▶ [WORK REQUIRED]: When you reach the line that contains "The Western Digital", begin copying exactly and continue through the last line below. Do not copy pictures.
── DATA RECORDS ──
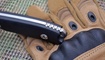 Туристический нож Bolte Lion3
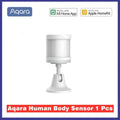 Aqara Human Body Sensor Smart Movement Motion Wireless Zigbee Work Mi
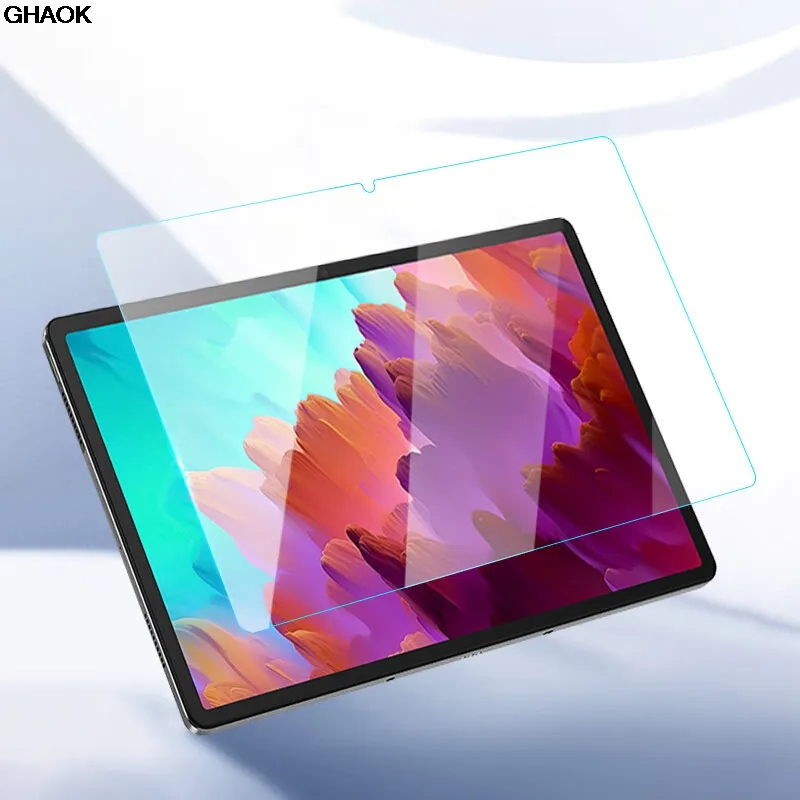 2 stuks Gehard HD Screen Prote - Lenovo Tablet P12 Accessories recensie en prijs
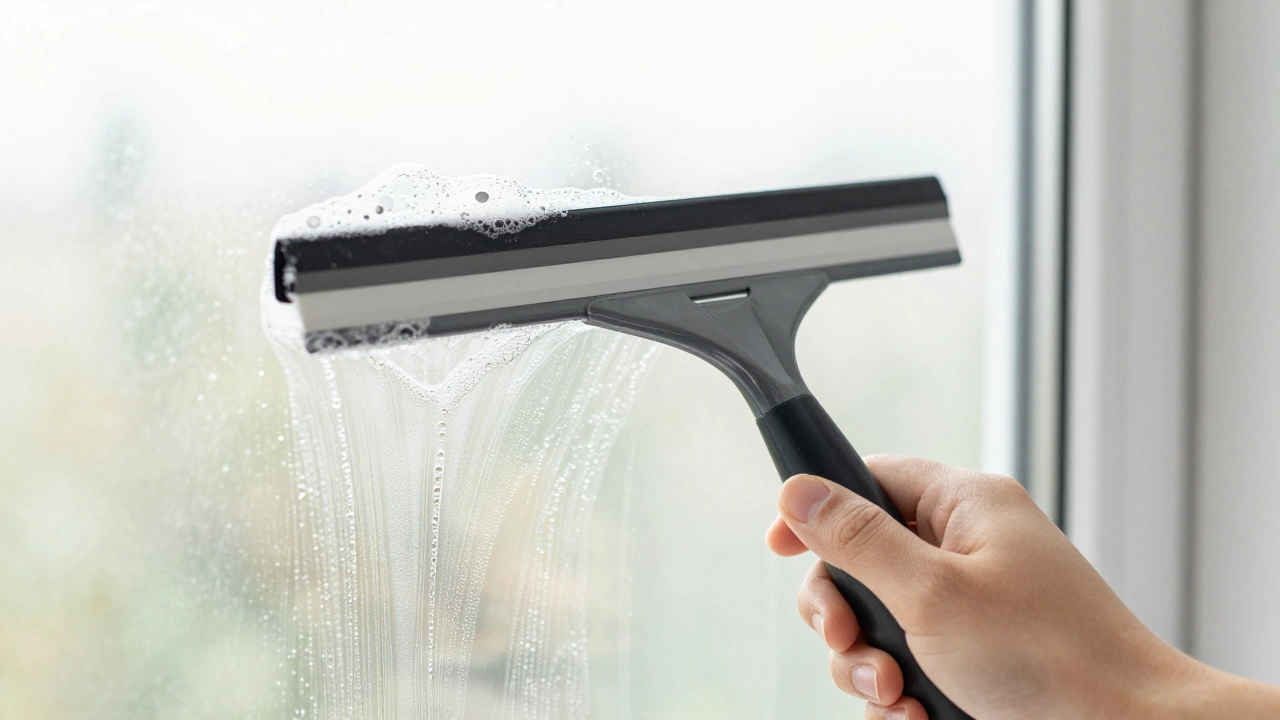 Window Washing vs. Window Cleaning: What's the Real Difference?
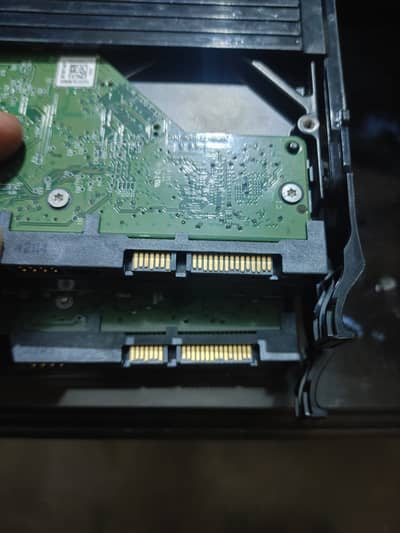 The Western Digital WD Red 2TB Hard Disk \ Surveillance Hard Disk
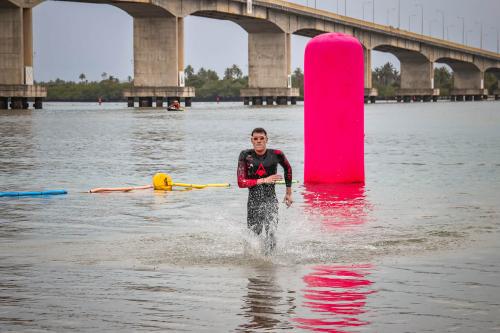 IRONMAN 70.3 ARACAJU 2024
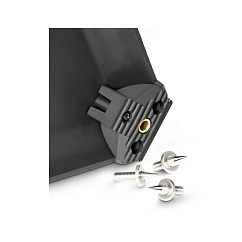 Стойки под акустику Gravity SP 3202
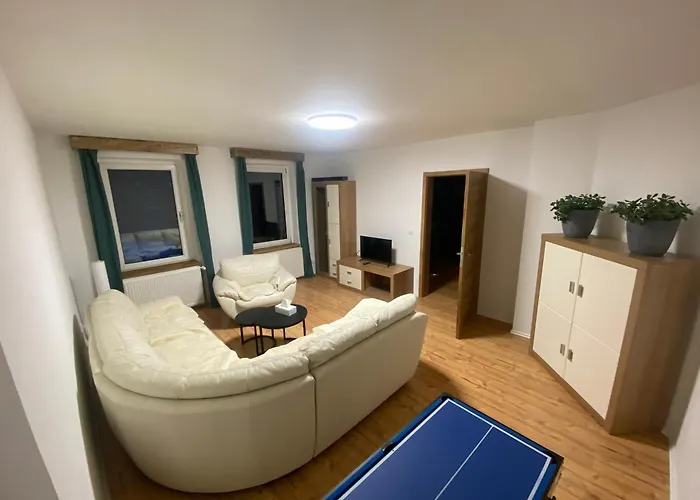 Wunderhaus Am Goitzschesee דירה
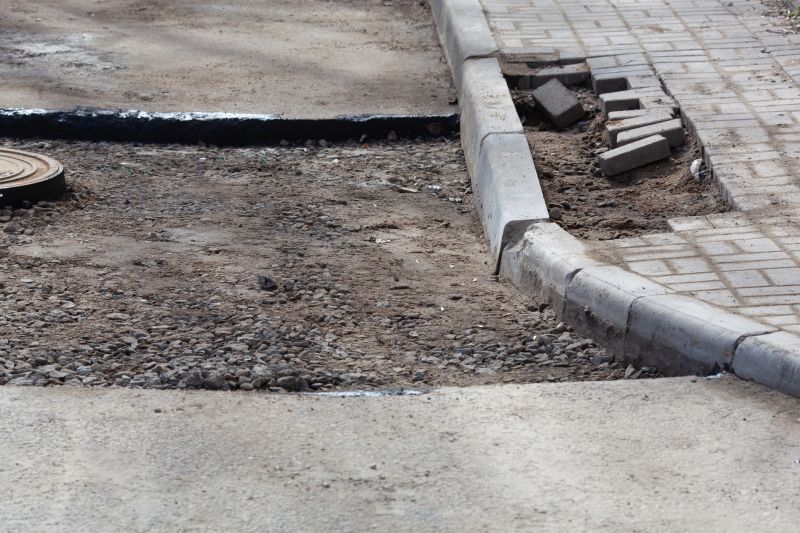 Brick Pavers Maintenance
───
▶ [RESPONSE]:
 The Western Digital WD Red 2TB Hard Disk \ Surveillance Hard Disk
 IRONMAN 70.3 ARACAJU 2024
 Стойки под акустику Gravity SP 3202
 Wunderhaus Am Goitzschesee דירה
 Brick Pavers Maintenance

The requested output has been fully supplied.